Han Shasha, Meng Xiangyi
Ward 43, Department of Respiratory and Critical Care Medicine, Daqing Oilfield General Hospital, Daqing, Heilongjiang Province, China.
J Infect Dev Ctries. 2023 Feb 28;17(2):268-275. doi: 10.3855/jidc.16088.
We aimed to investigate the risk factors for secondary lower respiratory tract fungal infection during acute exacerbation of chronic obstructive pulmonary disease (AECOPD).
A total of 466 AECOPD patients diagnosed from March 2019 to November 2020 were divided into infection (n = 48) and non-infection (n = 418) groups. The risk factors for lower respiratory tract fungal infection were screened by logistic regression analysis, and a nomogram prediction model was established. The discriminability was validated by area under the receiver operating characteristic curve (AUC) and C-index, calibration was validated by GiViTI calibration belt and Hosmer-Lemeshow test, and clinical validity was assessed by decision curve analysis (DCA) curve.
Thirty fungi strains were detected, including 18 strains of Candida albicans. Pulmonary heart disease, hypoalbuminemia, use of antibiotics within 3 months before admission, use time of antibiotics ≥ 14 d, invasive operation, blood glucose ≥ 11.10 mmol/L at admission, and procalcitonin (PCT) ≥ 0.5 ng/mL when diagnosed as fungal infection independent risk factors (p < 0.05). AUC was 0.891, indicating high discriminability of the model. The threshold probability in the DCA curve was set to 31.3%, suggesting that the model had clinical validity.

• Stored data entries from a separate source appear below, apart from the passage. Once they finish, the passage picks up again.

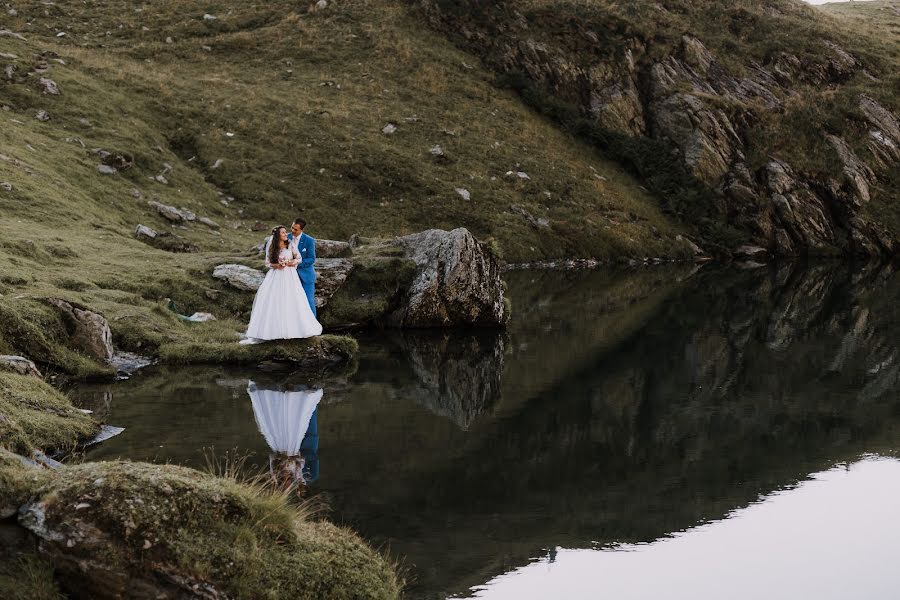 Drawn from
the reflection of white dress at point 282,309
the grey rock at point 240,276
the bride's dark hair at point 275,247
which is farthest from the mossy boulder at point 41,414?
the grey rock at point 240,276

We identified the independent risk factors for lower respiratory tract fungal infection in AECOPD patients. The established model has high discriminability and calibration. Immediate intervention is beneficial when the predicted risk exceeds 31.3%.
我们旨在研究慢性阻塞性肺疾病急性加重期(AECOPD)继发下呼吸道真菌感染的危险因素。
选取2019年3月至2020年11月期间诊断的466例AECOPD患者,分为感染组(n = 48)和非感染组(n = 418)。通过逻辑回归分析筛选下呼吸道真菌感染的危险因素,并建立列线图预测模型。通过受试者工作特征曲线(AUC)下面积和C指数验证模型的辨别力,通过GiViTI校准带和Hosmer-Lemeshow检验验证校准,通过决策曲线分析(DCA)曲线评估临床有效性。
共检测到30株真菌菌株,其中白色念珠菌18株。肺心病、低白蛋白血症、入院前3个月内使用抗生素、抗生素使用时间≥14天、侵入性操作、入院时血糖≥11.10 mmol/L以及诊断为真菌感染时降钙素原(PCT)≥0.5 ng/mL为独立危险因素(p < 0.05)。AUC为0.891,表明模型具有较高的辨别力。DCA曲线中的阈值概率设定为31.3%,表明该模型具有临床有效性。
我们确定了AECOPD患者下呼吸道真菌感染的独立危险因素。所建立的模型具有较高的辨别力和校准度。当预测风险超过31.3%时,立即进行干预是有益的。